Even if disks have the same size (as you stated), and are formatted in the same way (e.g both NTFS, which you do not mention) the "Allocation unit size" (Bytes Per Cluster) might differ, depending on the formatting settings.
Files always occupy an integer amount of Clusters.
If you have a Cluster-size of e.g. 64k, even files of just a few bytes will occupy a (full) cluster, so as per the example 64k. If your HDD has a smaller cluster-size than your SSD, the same files will occupy more space on your SSD than on your HDD, particularly if you have a lot of small files.
In Windows you can check your Cluster-size of an NTFS drive (amongst others) by opening a Command prompt window ("cmd") and entering "fsutil fsinfo ntfsinfo D:"+enter (change the drive letter, here "D", according to need).
Posts: 2
Joined: 29 Aug 2018

Elena

Thank you so much, PIerry!
I'll check it immediately. Right now I'm remembering that the HDD is certainly NTFS formatted, but the SSD might be ExFAT...!!! Ehm, I'll check it. Argh...night working is never a good idea!
Thanks again.
Posts: 5
Joined: 1 Aug 2018

Harm

Hi there,

My server has 6,5 Tb free space and is ntfs format also my 2 disks 1,8 Tb are ntfs. all 3 disks got a cluster size of 4096
The server raid disk is empty, so i made a batch file, the first time no problem everything fits, now i want to re-sync and the program is telling me the server is full, there should be enough space on the server ?.
So i thought i start over and delete everything from the server, but wile I'm deleting, i get the announcement " can't delete the file be course the name of the file is to long, so after deleting step by step directories i find the file ( who should be to long ) but noting wrong with the length of the name, there are files who has longer names and those i can delete.

HELP

i use the freeware program be course i don't have a credit cart, as soon as there is a ideal payment option i will donate no problem.

Greetings,
Harm Hoekstra
Posts: 10
Joined: 24 Sep 2018

Paul

PIerry,

Great answer, one that I would never have thought of or about.

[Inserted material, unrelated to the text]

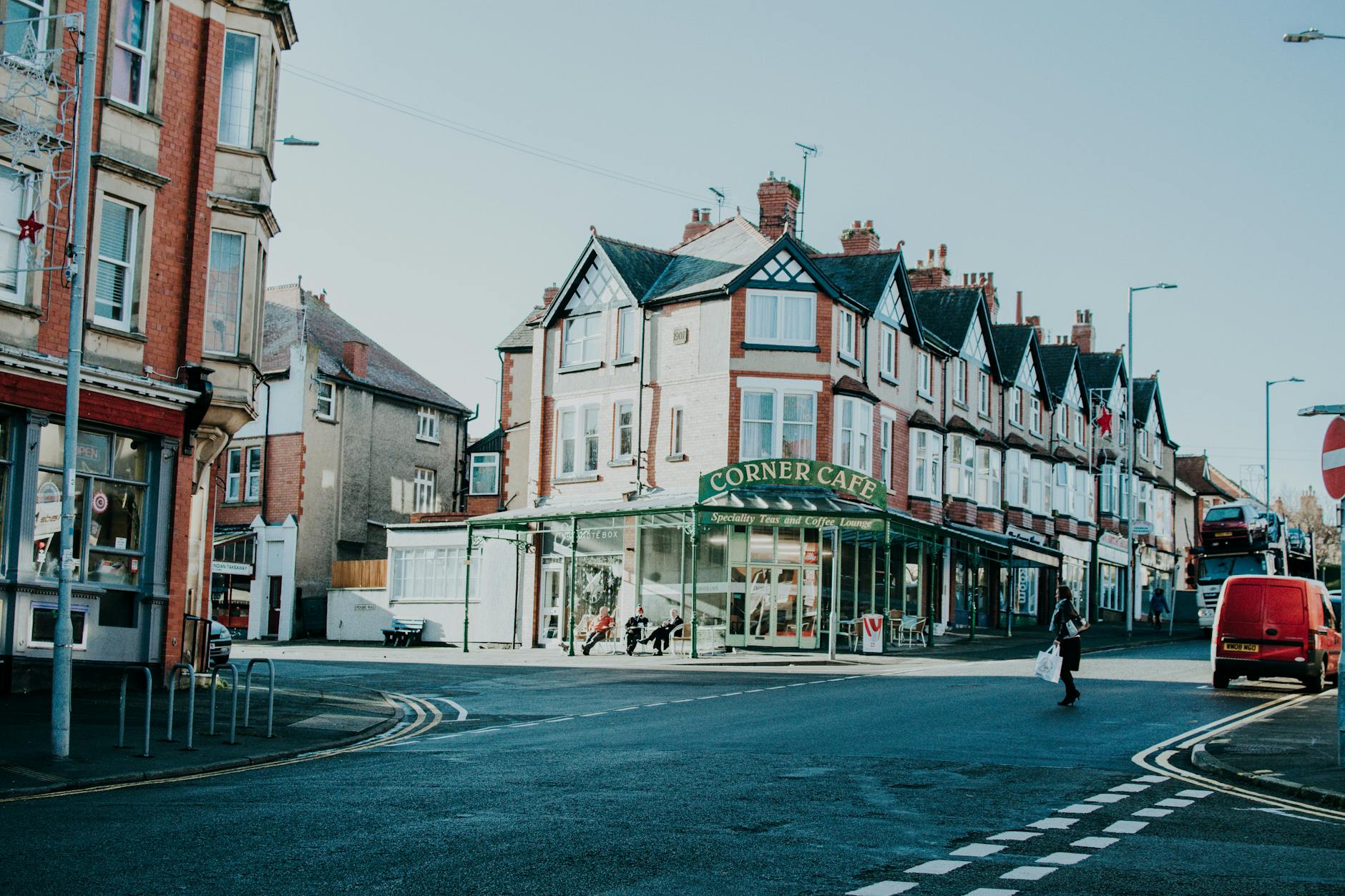 Charming street view with a prominent corner café, highlighting urban architecture and daily life.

I found a useful reference:
https://support.microsoft.com/en-us/help/140365/default-cluster-size-for-ntfs-fat-and-exfat

It would appear that, for the 1TB drives (HDD NTFS vs SSD exFAT), the cluster sizes are radically different (4 KB vs 128 KB).

I was just about ready to buy a 1 TB SSD to transfer files off my very old 1 TB HDD. Will rethink this very carefully, now.